A key difference during the payback period is that unlike the drawdown period – where your minimum payments are based on the amount you have withdrawn (not your total line of credit), your payments during the payback period are based on your total loan amount (the principal) plus interest. So don’t be shocked when you see a big increase in your monthly production. Make sure you can comfortably afford your increased payment on top of your regular monthly mortgage payment.

What other payment options can a homeowner consider?

If a HELOC is not the right type of loan for your personal situation, consider other types of financing. There are pros and cons to all types of financing, but interest rates should always be your primary consideration when considering the best option for your specific needs.

Home Equity Loans: These types of loans are also secured by your home, but you receive the loan upfront as a lump sum cash at a fixed interest rate. This means that you will have regular, fixed monthly payments instead of variable payments. You cannot continually withdraw from a home equity loan like you can with a HELOC, and you must make payments on the full loan amount since the start of your loan term.

Set the interest rate: It is possible to obtain a constant interest rate on your loan. “Ask your current HELOC lender if they will set the interest rate on your outstanding balance,” said Greg McBride, chief financial analyst at CNET’s sister site Bankrate. “Some lenders offer that, many don’t.”
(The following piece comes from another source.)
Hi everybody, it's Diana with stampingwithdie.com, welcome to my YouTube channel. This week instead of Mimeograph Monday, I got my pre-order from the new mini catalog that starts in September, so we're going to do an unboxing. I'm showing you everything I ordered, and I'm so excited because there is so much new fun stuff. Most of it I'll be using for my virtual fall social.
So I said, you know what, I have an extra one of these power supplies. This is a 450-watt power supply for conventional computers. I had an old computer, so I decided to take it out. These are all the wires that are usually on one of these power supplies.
Refinance your HELOC: You can convert your HELOC into a home equity loan. “If fixing the interest rate isn’t an option, you might consider refinancing your HELOC into a fixed rate home loan,” McBride said. “The rate may not be much different than what you’re currently paying on your HELOC, but it provides certainty about your interest rate, monthly payment and payback period,” he added. .
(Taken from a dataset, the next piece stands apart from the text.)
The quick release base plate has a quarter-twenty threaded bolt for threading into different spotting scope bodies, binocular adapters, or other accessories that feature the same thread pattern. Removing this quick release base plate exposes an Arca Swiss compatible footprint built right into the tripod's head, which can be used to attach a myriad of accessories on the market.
Refinancing by collection: A cash refinance also provides you with a lump sum of cash, but it’s cost-effective and replaces your current mortgage with a new mortgage, so you only have to make one monthly mortgage payment, instead of two. . This option may not be feasible for most homeowners in today’s rising interest rate environment, as your refinance rate generally needs to be lower than your current mortgage rate for refinancing to make financial sense.

Personal loans and credit cards: These types of financing do not require you to put your home as collateral, as they are unsecured loans. Expect to pay higher interest rates for these unsecured financing options.

The bottom line

HELOC draw periods last for years (ranging from five to 20 years, but typically 10 years), giving you access to an open line of credit at a low interest rate for an extended period of time. Before you sign on the dotted line, make sure you understand the risks of using your home as collateral to secure a HELOC if you decide to go this route for financing. As always, shop around and compare offers from lenders to get the best rate and term available to you. Even 1/10 of a percentage point can make a huge difference in the amount of interest you pay over the life of a loan, especially a large variable rate loan such as a HELOC.